Six cuts were made on the Minden wing for ply comparison with appropriate engineering drawings. Six cuts were also made on the Spanish wing, at approximately the same locations as those on the Minden wing. NIAR received engineering assistance from Schempp-Hirth with regard to the drawing interpretation. The individual ply comparisons are not included in this report due to their length.
An extra layer of fabric was found in some of the cuts. Schempp-Hirth provided two possible explanations for this anomaly. The additional layer may have been added for surface improvement reasons, which would not affect the strength of the wing. The additional layer may also be an overlapping ply where two plies are joined. This is more likely the reason for extra plies because plies of this orientation (plus/minus 45 degrees) have limited length when cut from broad goods. The overlap length is usually about 20 mm. In cases where an extra layer was found, the tests were repeated on a specimen next to the original specimen.
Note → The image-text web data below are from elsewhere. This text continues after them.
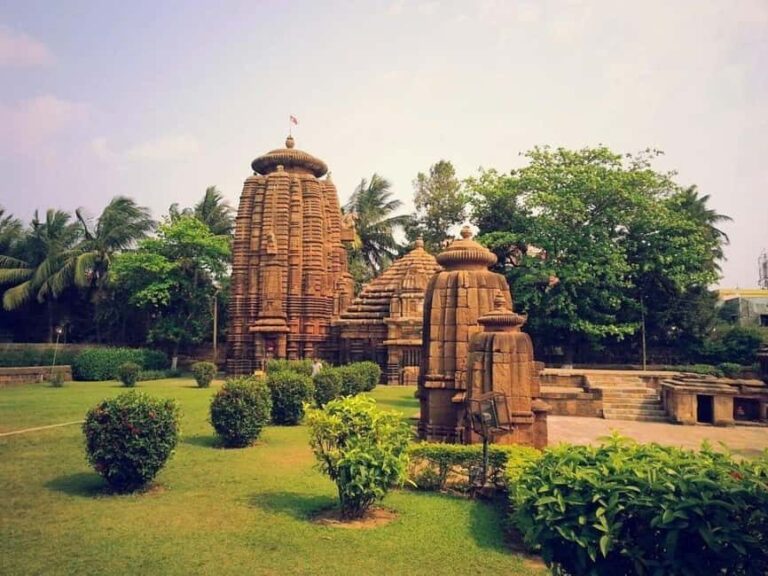 Bhubaneswar: Temples and Puri Private Day Tour - Exploring Bhubaneswar’s Temples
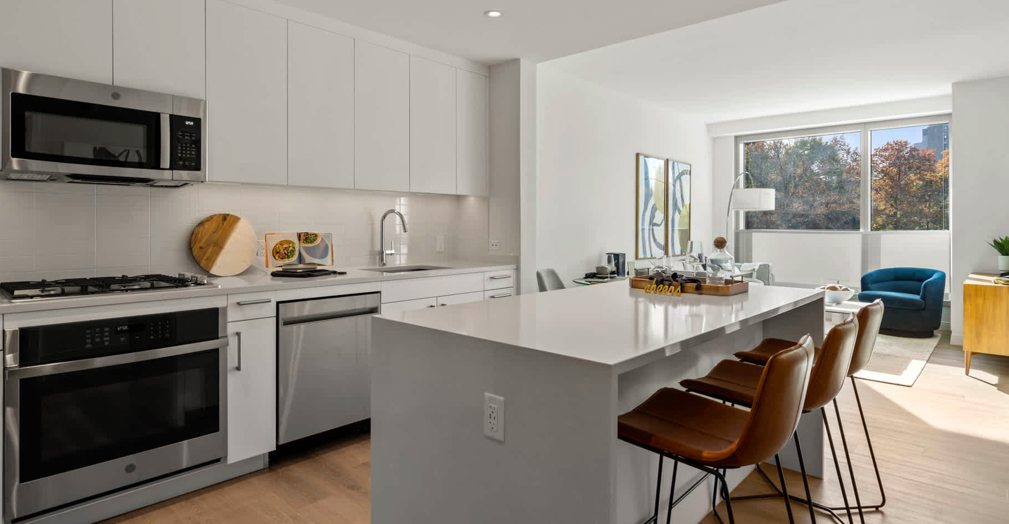 28 Milford St in Boston, MA - Building Photo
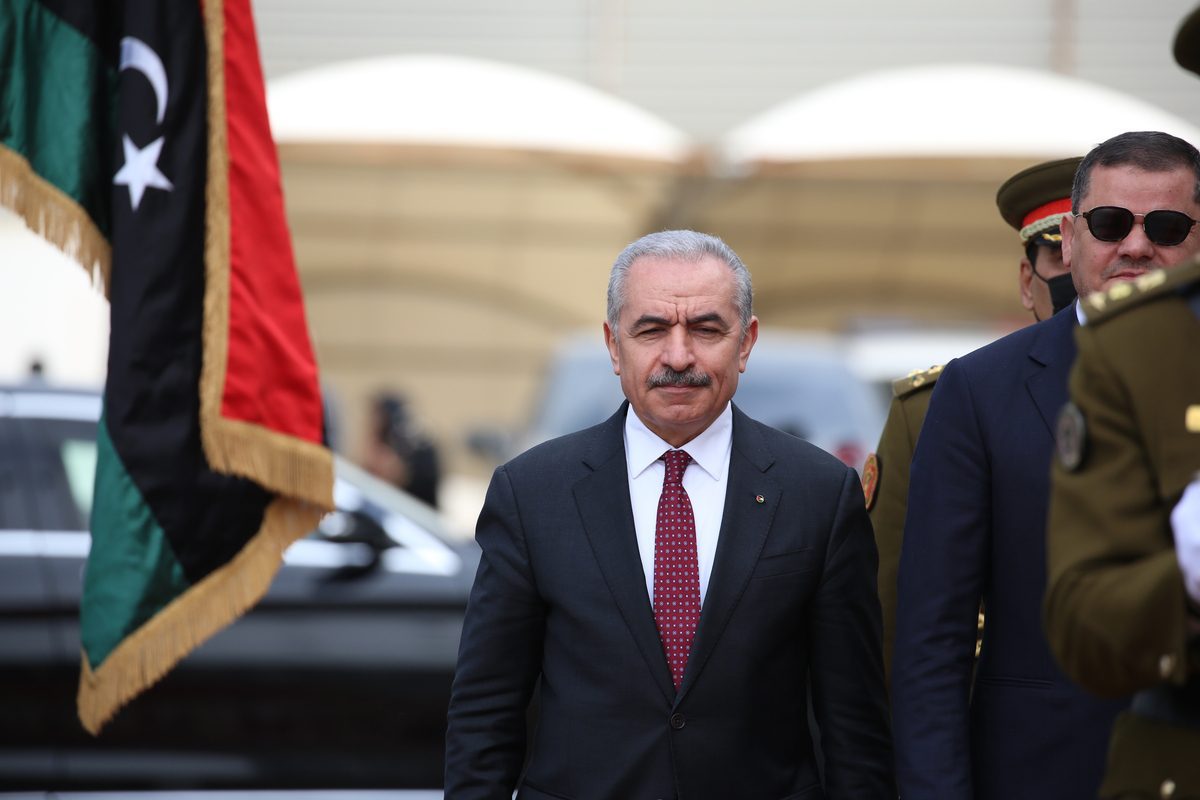 O primeiro-ministro palestino, Mohammad Shtayyeh, em Trípoli, Líbia, em 14 de fevereiro de 2022 [Hazem Turkia/Agência Anadolu]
Thermography inspection was not used in this investigation to identify overlapping plies of fabric.
The weave style, tow size, and tow count of each ply was compared with Schempp-Hirth supplied reference plies. Only one discrepancy was found with the plies from the Minden wreckage. The tow size of some stiffener strip plies appeared to be twice as large in one direction than in the other direction. The tow count for those tows was half the tow count of the other direction. The NIAR report noted that this discrepancy essentially does not change the fiber area weight in either direction.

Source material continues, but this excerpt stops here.